When to Call 911 During the Writing Process
I'm not really sure what people mean when they talk about inner voices. Do they mean...like, feelings? Or do they actually hear voices? Is it kind of like the "inner demons" thing? Because, look, if you're really hearing voices and you refer to the "inner demons" that haunt you, there's either way too many horror movies in your life or you need to call an exorcist. And if you're obeying those voices and talking back to them, please dial 911 and tell them what the voices are saying.
When I'm writing, I don't hear anything. I just start typing and...well, I don't know?
I've never had writer's block, or hit a wall, or whatever.

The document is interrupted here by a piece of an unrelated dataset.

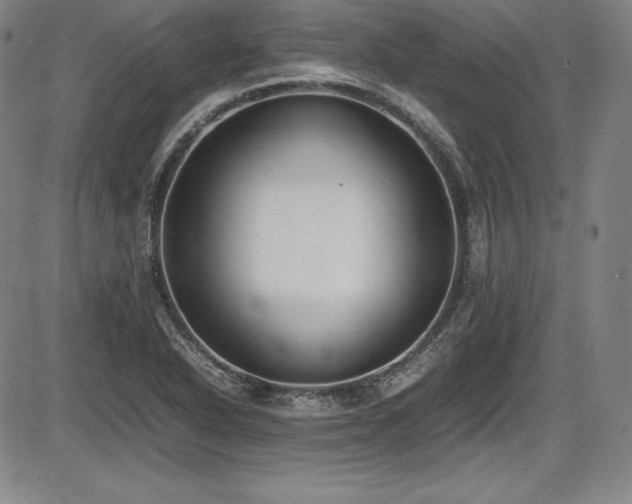 X0000086241318200703291345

When I started writing, I lucked out and got some great advice from someone, somewhere on the internet. It was something like, "Just write and write and write. It doesn't have to make sense or sound good or be grammatically correct. Just get words out. When you go back and read them, then you can makes sense of it all, make the words sound lovely, and if you have time, fix the grammar mistakes."
I read a few more "somewhere out there" internet writing advice articles. I wasn't as lucky with that second round as I had been with the first. The second round of articles had me analyzing every damn thing that showed up on my screen. I was checking and rechecking for xyz, I was stopping more, rereading every sentence, and I felt like writing was stupid because how the hell could I ever get it right? I had panic attacks. I drank Red Bull. Clearly, something was wrong.

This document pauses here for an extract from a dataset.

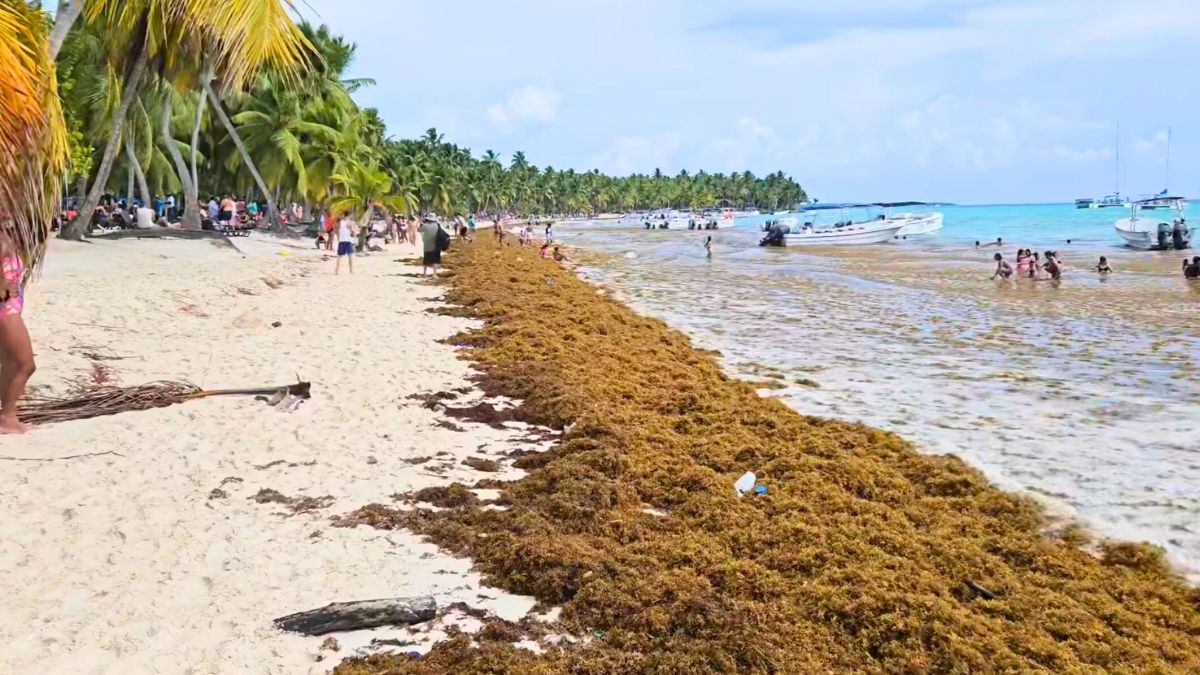 Dominican Republic Continues to See High Sargassum Arrivals Through October (VIDEO)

Then I read some really shitty books that sold bazillions of copies.
I scratched my head. Not because I was thinking, but because I had an itch.

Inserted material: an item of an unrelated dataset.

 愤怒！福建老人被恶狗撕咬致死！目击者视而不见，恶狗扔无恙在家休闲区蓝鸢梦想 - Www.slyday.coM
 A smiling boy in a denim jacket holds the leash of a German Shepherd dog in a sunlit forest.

I realized that writing is like art. One person sees a masterpiece while another person sees blah.
How can one expert think a book is so amazing that it's going to pass oxygen on the list of things humans need to survive, and another expert just makes fun of it?
I decided to go back to the first round of internet advice. For me, I just have to get words out. When I do that, the only voices I hear are the voices of my characters. If I write slowly and carefully, all I do is over think EVERYTHING. And that's when I hear all the voices telling me all the reasons that what I wrote isn't "correct."
Just get the damn words out. There's plenty of time to fix stuff.
1. Hearing the voices of your characters is good.
2. Over analyzing everything you write to the point of panic attacks and obsessive red bull drinking is bad.
3. Hearing voices, obeying those voices, and talking back to those voices is bad. Call 911.